> _What to do_
Give back exactly the lines from the one that holds "Broadcast Applications 3/28/2012" through the final line of the data; omit the pictures and add nothing.

> _Listed entries_
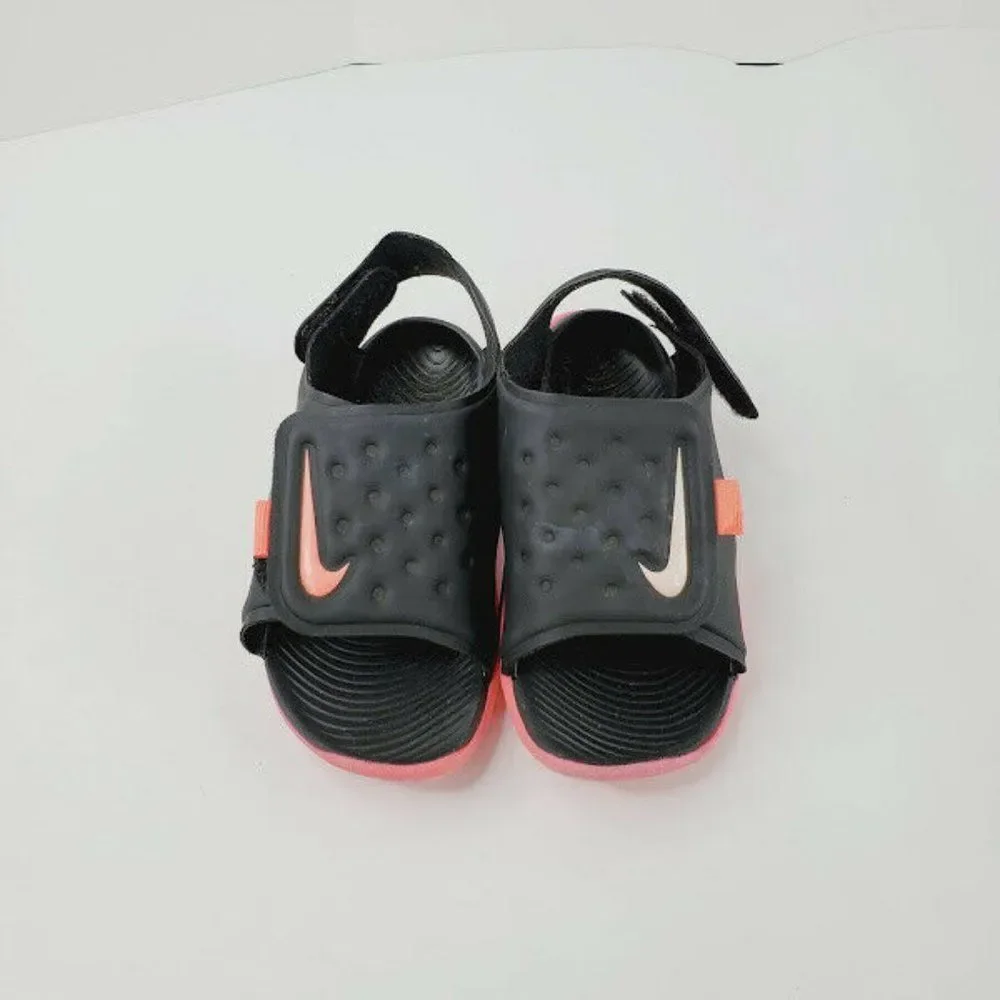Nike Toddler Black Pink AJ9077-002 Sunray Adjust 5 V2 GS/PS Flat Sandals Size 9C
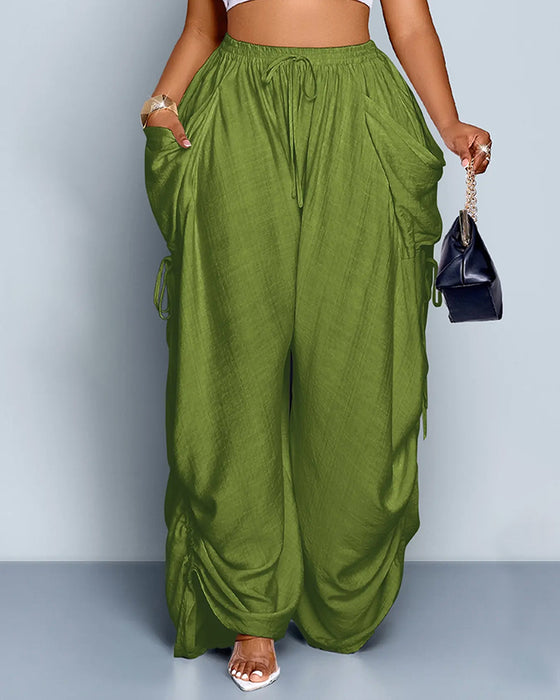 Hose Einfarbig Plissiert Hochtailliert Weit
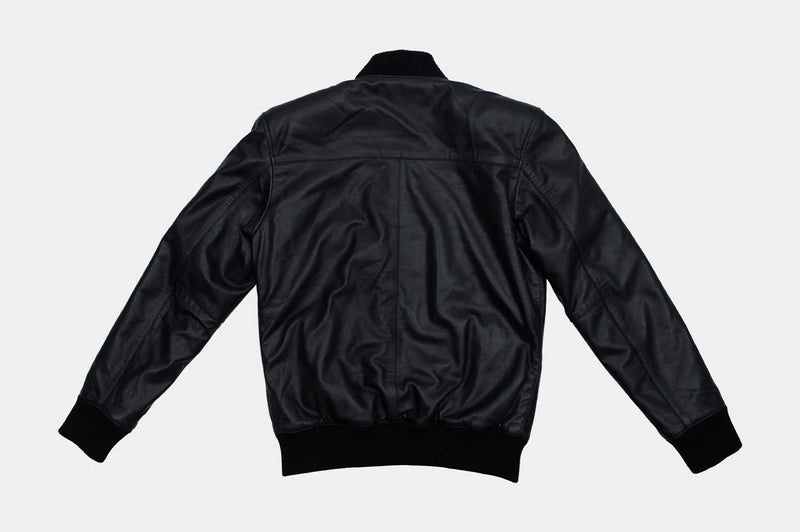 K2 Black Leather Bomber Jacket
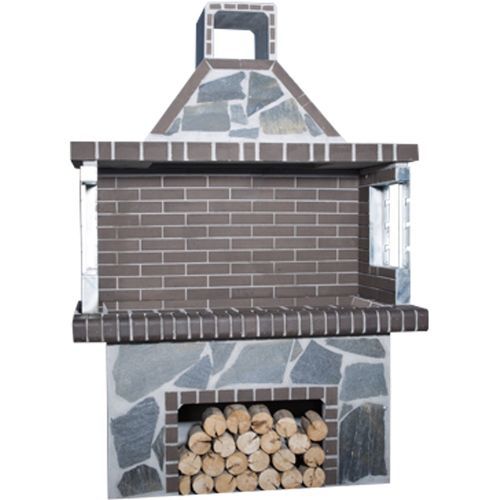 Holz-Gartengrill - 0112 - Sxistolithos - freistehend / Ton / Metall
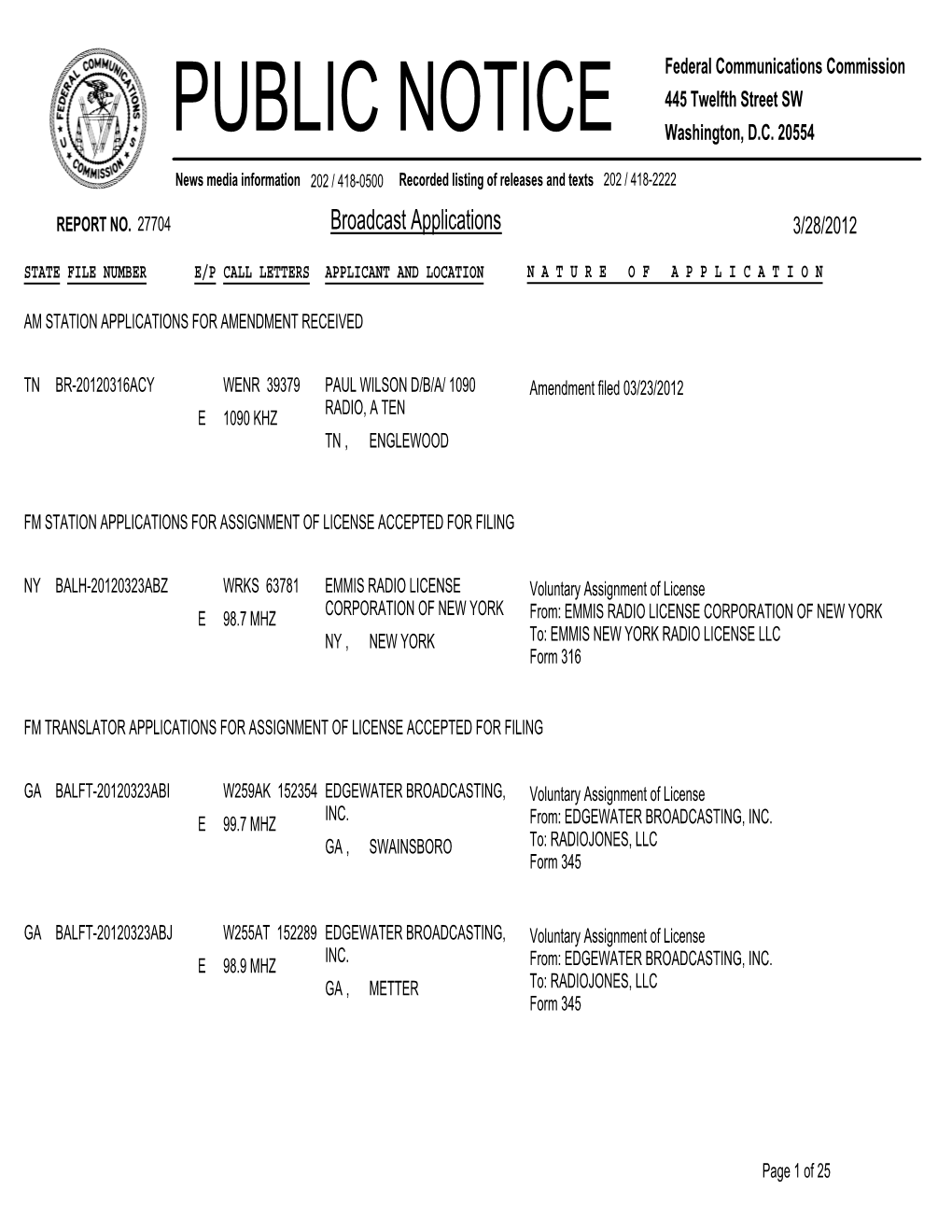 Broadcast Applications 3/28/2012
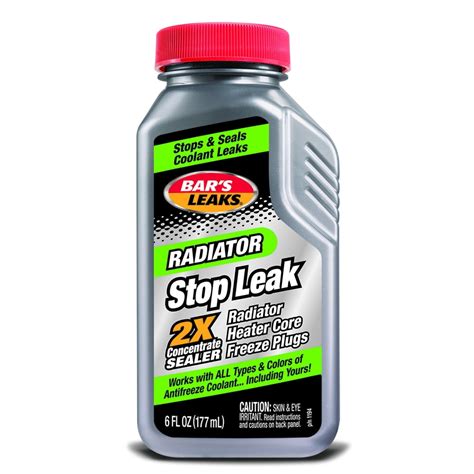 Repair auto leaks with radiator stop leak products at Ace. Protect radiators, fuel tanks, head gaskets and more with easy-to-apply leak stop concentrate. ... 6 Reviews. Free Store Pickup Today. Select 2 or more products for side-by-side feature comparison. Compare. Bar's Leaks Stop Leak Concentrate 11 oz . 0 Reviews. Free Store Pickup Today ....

> _Completed exercise_
 Broadcast Applications 3/28/2012
 Repair auto leaks with radiator stop leak products at Ace. Protect radiators, fuel tanks, head gaskets and more with easy-to-apply leak stop concentrate. ... 6 Reviews. Free Store Pickup Today. Select 2 or more products for side-by-side feature comparison. Compare. Bar's Leaks Stop Leak Concentrate 11 oz . 0 Reviews. Free Store Pickup Today ....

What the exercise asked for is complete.